From 1970 to 72 he worked as photographer and animator for the advertising companies. His professional career as a photojournalist began in 1972 with the first freelance assignment he received from Keyhan, a daily newspaper, which was a photo essay about paramilitary conflict in Northern Ireland. During the following years he worked for an international publishing company, Franklin Publications, which produced school textbooks for Iranian children. In all over Iran, Golestan toke photos of children reading books published by Franklin Publications.
After receiving a fund from Iran's Institute for the Intellectual Development of Children and Young Adults in 1974, Golestan published an educational book for children, titled "Ghalamkar", about the ancient Iranian craft of woodblock printing onto fabric. Later he continued his cooperation with IIDCYA and worked on another book for children, "Golaab", which featured the traditional art of extracting rosewater.

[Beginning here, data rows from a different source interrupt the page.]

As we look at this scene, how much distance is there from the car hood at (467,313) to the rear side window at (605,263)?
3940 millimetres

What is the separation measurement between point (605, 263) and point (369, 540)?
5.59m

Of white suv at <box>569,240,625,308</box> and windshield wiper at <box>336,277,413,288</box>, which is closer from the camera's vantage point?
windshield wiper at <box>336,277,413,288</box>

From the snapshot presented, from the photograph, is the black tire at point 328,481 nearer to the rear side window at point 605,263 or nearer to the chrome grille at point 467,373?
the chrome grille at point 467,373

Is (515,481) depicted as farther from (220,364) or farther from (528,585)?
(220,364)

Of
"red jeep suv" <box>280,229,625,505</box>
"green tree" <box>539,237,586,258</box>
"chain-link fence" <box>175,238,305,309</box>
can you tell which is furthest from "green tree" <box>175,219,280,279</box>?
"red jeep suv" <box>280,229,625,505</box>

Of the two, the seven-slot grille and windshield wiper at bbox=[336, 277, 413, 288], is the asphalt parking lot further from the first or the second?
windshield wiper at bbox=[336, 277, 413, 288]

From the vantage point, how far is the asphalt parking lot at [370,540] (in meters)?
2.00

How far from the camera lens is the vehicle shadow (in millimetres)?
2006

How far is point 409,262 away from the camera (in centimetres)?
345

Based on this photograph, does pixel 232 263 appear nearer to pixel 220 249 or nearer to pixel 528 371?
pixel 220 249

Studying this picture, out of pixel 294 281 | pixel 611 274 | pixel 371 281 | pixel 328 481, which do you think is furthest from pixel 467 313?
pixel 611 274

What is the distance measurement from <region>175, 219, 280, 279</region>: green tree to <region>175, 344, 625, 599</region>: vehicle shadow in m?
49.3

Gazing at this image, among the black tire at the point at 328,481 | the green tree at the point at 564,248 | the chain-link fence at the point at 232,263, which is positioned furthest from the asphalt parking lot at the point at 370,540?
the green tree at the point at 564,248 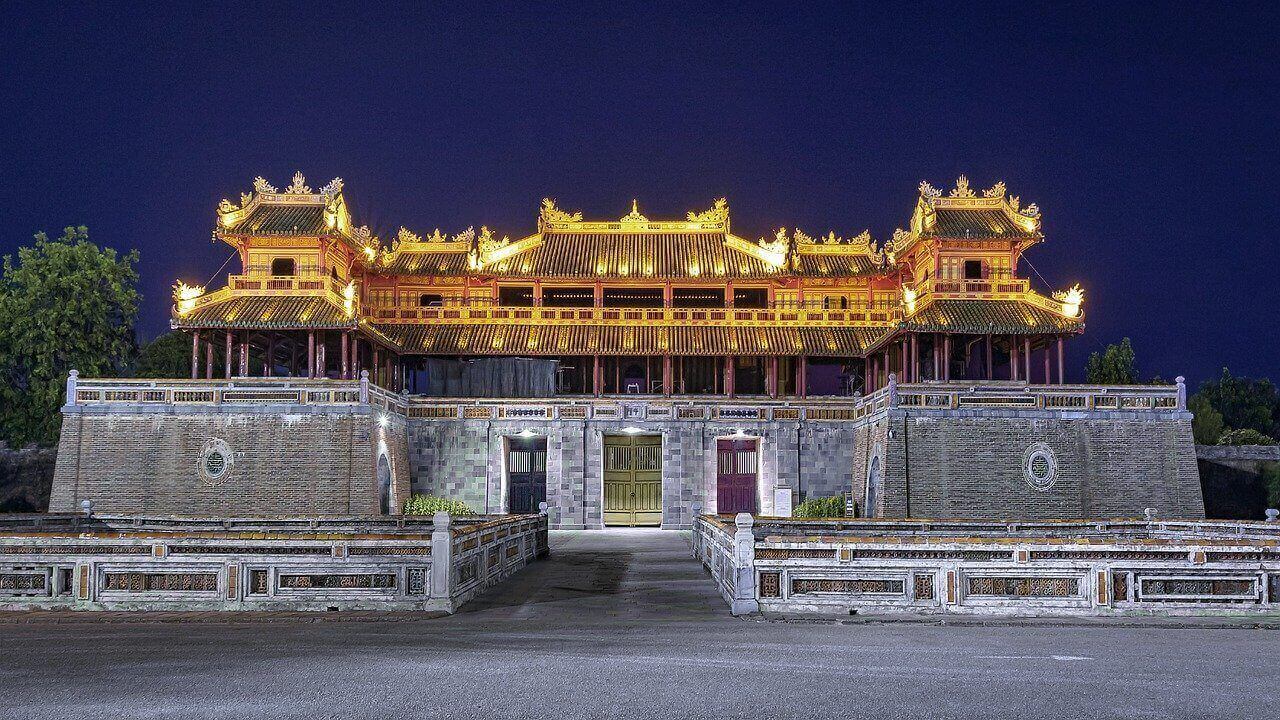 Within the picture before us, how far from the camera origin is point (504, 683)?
9672 millimetres

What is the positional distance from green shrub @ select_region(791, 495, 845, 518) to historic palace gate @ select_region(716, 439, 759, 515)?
1958mm

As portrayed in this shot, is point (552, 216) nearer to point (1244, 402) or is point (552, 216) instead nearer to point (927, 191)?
point (927, 191)

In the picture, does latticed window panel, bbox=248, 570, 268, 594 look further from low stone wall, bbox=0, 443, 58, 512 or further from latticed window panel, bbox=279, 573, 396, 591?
low stone wall, bbox=0, 443, 58, 512

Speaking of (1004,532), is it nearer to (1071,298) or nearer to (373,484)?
(1071,298)

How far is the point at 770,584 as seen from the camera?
14.6m

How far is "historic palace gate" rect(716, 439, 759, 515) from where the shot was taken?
3616cm

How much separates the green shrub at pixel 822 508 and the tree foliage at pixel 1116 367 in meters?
22.0

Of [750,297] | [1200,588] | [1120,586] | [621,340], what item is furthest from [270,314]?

Over the following years Golestan exhibited a number of times in various galleries, such as Seyhoun Gallery, in Tehran.
A prostitutes,
from the "prostitutes" photo essay by Kaveh Golestan
As Golestan continued his work as a photojournalist, in 1977 while working for Ayandegan newspaper he shot three important photo essays from different angles of Iranian society, entitled "Laborers", "Prostitutes" and "Mental Asylum".
Golestan's wide range works and on the Iranian Revolution of 1979 and the formation of Islamic Republic in 1979 were featured in publication like Time and Tehran-e-Mosavar. In 1979 he received the Robert Capa Gold Medal award.
In 1980, Golestan independently published a photobook together with another Iranian photographer, Mohhamad Sayad, entitled "Shooresh" (Rebellion).
Golestan spent much of 1980 on the frontline of the Iran-Iraq war working for various international photo agencies. He worked with a group of Iranian photographers on a series of books entitled "Enghelabe Noor" (Revolution of Light). He also published a book in collaboration with his wife, Hengameh Golestan, titled "Ghoncheha Dar Tufan" (Buds in the Storm), about the lives of children and young people during the revolution and war.
Golestan moved to London with his wife and their newborn son in 1984. He began work with the Reflex photo agency, as well as travelling to Iran to cover the war and other events.
In 1991, Golestan decided to make a documentary called "Recording the Truth", about media censorship in Iran. The twenty-seven minute film was a detailed portrait of the way in which the press functioned after the Revolution, under continuous government restrictions. The film resulted in banning Golestan from working in Iran, and consequently he was placed under house arrest for two years. It also marked the end of his photographic period, as he moved to video and documentary filmmaking.
Golestan, in 1994, began to work as a cameraman for the Associated Press Television Network, providing footage to worldwide channels such as CNN and BBC. He also began teaching photojournalism at Tehran University, and was enthusiastic in encouraging a new generation of young Iranian photographers through projects like "Char Negah" (Four Views) in 2002. The book had originally been proposed as a project by British Petroleum (BP) to commemorate the eightieth anniversary of Laurence Lockhart's first trip to Iran in 1922, who made documentary photographs of Iran. Golestan agreed to do the project on the condition that in addition to Lockhart's photography, the book would also show the work of Iranian photographers, his pupils, from the same regions Lockhart had photographed, in an attempt to provide a more truthful, indigenous view of the subject.
In 1999, he began working with the BBC's Tehran bureau as the cameraman on Jim Muir's reports.
On April 2, 2003, while on assignment in Kifri, Iraqi Kurdistan, Kaveh Golestan stepped on a land mine and was killed instantly. He is buried in Tehran.